# Benchmark NICE as calibration method

In [1]:
%load_ext autoreload

In [2]:
%autoreload 1

In [3]:
import os
import sys
import time
import importlib
import collections
sys.path.append('..')

import numpy as np
import pandas as pd
import matplotlib.pyplot as plt
from scipy.special import softmax
from sklearn.isotonic import IsotonicRegression
import tensorflow as tf
from tensorflow.keras.models import Model
from tensorflow.keras.layers import Activation, Input

pd.set_option('colheader_justify', 'center')

%aimport utils
%aimport utils.ops
%aimport utils.metrics
%aimport utils.visualization
%aimport utils.data
%aimport flows.nice
%aimport flows.normalizing_flows
%aimport calibrators
from utils.ops import onehot_encode, optim_temperature, detection_log_likelihood_ratios
from utils.metrics import neg_log_likelihood, accuracy, expected_calibration_error
from utils.visualization import plot_pdf_simplex, plot_prob_simplex, reliability_plot, ECE_plot
from utils.data import get_cifar10
from flows.nice import NiceFlow
from calibrators import PAVCalibrator, NiceCalibrator, TempScalingCalibrator, MLRCalibrator, PlanarFlowCalibrator, DummyCalibrator

In [4]:
def highlight_max(s):
    is_max = s == s.max()
    return ['font-weight: bold' if v else '' for v in is_max]

In [5]:
def highlight_min(s):
    is_min = s == s.min()
    return ['font-weight: bold' if v else '' for v in is_min]

## CIFAR-100

In [6]:
models = [
    'wide-resnet-28x10',
    'densenet-121',
    'densenet-169',
    'resnet-101',
    'vgg-19',
    'preactresnet-18',
    'preactresnet-164',
    'resnext-29_8x16',
    'wide-resnet-40x10',
]

In [7]:
def score(calibrator, logits, target):
    probs = calibrator.predict(logits)
    nll = neg_log_likelihood(probs, target)
    ece = expected_calibration_error(probs, target, bins=15)
    acc = accuracy(probs, target)
    
    metrics = {
        'NLL': nll,
        'ECE': ece,
        'Accuracy': acc,
    }
    
    return metrics

In [8]:
def train_calibrator(Calibrator, logits, target):
    cal = Calibrator(logits, target)
    return cal

In [9]:
def train_and_evaluate_calibrators(logits, target, test_logits, test_target, calibrators, **kwargs):
    ## Train NICE on test set to obtain NLLmin
    nice_ref_cal = NiceCalibrator(test_logits, test_target, **kwargs['nice_ref_args'])
    ref_results = score(nice_ref_cal, test_logits, test_target)

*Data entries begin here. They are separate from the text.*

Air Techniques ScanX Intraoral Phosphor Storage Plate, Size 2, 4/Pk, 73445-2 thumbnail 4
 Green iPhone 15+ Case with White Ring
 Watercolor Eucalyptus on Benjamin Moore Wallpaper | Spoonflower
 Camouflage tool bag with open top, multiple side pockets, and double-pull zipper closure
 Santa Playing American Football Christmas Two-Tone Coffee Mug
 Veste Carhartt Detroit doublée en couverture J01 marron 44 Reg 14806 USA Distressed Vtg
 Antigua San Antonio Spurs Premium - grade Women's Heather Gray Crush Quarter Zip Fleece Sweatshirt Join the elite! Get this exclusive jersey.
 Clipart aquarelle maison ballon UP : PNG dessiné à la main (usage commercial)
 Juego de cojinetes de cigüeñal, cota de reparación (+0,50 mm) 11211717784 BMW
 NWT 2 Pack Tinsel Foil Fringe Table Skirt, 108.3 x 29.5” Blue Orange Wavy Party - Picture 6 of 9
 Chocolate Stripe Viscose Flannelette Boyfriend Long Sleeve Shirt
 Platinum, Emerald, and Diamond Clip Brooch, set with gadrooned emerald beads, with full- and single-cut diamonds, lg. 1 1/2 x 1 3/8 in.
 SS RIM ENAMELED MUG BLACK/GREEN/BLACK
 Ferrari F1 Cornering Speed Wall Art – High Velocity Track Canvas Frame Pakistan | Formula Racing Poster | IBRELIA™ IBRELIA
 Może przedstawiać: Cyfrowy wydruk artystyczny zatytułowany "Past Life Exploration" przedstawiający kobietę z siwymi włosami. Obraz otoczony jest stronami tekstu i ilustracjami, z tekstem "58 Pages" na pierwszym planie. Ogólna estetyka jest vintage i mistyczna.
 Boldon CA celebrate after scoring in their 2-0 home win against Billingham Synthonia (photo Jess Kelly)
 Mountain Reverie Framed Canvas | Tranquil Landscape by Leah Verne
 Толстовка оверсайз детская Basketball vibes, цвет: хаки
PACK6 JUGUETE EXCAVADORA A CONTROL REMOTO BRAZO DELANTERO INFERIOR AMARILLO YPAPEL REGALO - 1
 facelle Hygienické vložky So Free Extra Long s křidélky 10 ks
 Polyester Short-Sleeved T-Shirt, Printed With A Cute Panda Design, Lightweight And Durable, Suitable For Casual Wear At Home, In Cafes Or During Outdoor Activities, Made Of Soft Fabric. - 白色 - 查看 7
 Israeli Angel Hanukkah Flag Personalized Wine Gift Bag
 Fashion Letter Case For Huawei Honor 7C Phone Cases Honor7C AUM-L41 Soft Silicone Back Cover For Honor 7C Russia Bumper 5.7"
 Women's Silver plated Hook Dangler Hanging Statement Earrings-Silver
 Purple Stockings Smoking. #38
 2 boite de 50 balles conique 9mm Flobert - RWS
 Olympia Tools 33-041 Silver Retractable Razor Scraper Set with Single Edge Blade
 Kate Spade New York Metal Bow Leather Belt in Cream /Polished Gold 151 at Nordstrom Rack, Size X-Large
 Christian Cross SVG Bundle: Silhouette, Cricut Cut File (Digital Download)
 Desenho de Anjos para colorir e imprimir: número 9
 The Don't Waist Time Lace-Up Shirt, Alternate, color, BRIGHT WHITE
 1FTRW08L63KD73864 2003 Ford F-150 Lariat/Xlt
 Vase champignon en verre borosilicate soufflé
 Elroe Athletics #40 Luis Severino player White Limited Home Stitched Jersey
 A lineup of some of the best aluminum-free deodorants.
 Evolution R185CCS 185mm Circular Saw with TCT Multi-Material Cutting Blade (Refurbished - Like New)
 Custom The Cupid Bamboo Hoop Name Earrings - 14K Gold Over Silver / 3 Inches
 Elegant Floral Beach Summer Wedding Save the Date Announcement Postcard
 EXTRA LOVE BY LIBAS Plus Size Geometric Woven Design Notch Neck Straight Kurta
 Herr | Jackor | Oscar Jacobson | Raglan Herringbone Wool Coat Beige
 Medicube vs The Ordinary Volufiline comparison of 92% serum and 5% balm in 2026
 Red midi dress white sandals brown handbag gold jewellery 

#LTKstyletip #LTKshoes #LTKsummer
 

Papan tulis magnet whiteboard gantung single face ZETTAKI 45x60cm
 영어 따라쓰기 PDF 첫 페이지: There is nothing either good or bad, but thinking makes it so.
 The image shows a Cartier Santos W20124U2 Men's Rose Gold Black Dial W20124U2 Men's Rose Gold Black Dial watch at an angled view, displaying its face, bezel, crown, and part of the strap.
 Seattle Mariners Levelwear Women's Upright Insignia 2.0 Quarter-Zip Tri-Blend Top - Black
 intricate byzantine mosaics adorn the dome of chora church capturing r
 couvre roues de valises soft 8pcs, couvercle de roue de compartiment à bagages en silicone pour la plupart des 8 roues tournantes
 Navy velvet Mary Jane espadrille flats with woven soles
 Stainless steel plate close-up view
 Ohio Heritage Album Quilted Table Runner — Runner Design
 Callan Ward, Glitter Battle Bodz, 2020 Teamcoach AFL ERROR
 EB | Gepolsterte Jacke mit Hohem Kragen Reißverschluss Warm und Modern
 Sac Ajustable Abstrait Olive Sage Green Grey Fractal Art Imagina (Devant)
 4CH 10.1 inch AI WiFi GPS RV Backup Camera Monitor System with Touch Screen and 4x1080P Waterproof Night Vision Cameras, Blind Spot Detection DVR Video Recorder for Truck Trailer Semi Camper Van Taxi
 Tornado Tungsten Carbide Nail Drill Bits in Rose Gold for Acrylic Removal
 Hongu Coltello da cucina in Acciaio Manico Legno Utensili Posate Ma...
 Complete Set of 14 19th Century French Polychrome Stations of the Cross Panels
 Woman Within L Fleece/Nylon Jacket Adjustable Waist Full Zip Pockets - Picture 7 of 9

    results = collections.OrderedDict()
    for cal, Calibrator in calibrators.items():
        t0 = time.time()
        model = train_calibrator(Calibrator, logits, target)
        t1 = time.time() - t0
        results[cal] = {'Training time': t1,
                        'Validation': score(model, logits, target),
                        'Test': score(model, test_logits, test_target)}
    
    return results, ref_results

In [10]:
results = collections.OrderedDict()
ref_results = collections.OrderedDict()

calibrators = {
    'Uncalibrated': DummyCalibrator,
    'Temp-Scaling': TempScalingCalibrator,
    'MLR': MLRCalibrator,
}

nice_args = [
    {
        'layers': 2,
        'hidden_size': [2],
        'epochs': 500,
    }, {
        'layers': 2,
        'hidden_size': [5],
        'epochs': 500,
    }, {
        'layers': 3,
        'hidden_size': [5],
        'epochs': 500,
    },
]

planar_args = [
    {
        'layers': 5,
        'epochs': 1000,
    },{
        'layers': 10,
        'epochs': 1000,
    },{
        'layers': 20,
        'epochs': 1000,
    }
    
]
    

for nice in nice_args:
    name = 'NICE_l{}_hs{}'.format(nice['layers'], nice['hidden_size'])
    calibrators[name] = lambda logits, target: NiceCalibrator(logits, target, **nice)

for planar in planar_args:
    name = 'Planar_l{}'.format(planar['layers'])
    calibrators[name] = lambda logits, target: PlanarFlowCalibrator(logits, target, **planar)
    

nice_ref_args = {
    'layers': 4,
    'hidden_size': [100, 100],
    'epochs': 1000,
}

kwargs = {
    'nice_ref_args': nice_ref_args,
}

for model in models:
    data_path = os.path.join('../data', model+'_cifar100')
    prefix = os.path.join(data_path, 'cifar100_'+model)
    
    logits = np.load(prefix + '_logit_prediction_valid.npy')
    test_logits = np.load(prefix + '_logit_prediction_test.npy')
    
    target = np.load(prefix + '_true_valid.npy')
    test_target = np.load(prefix + '_true_test.npy')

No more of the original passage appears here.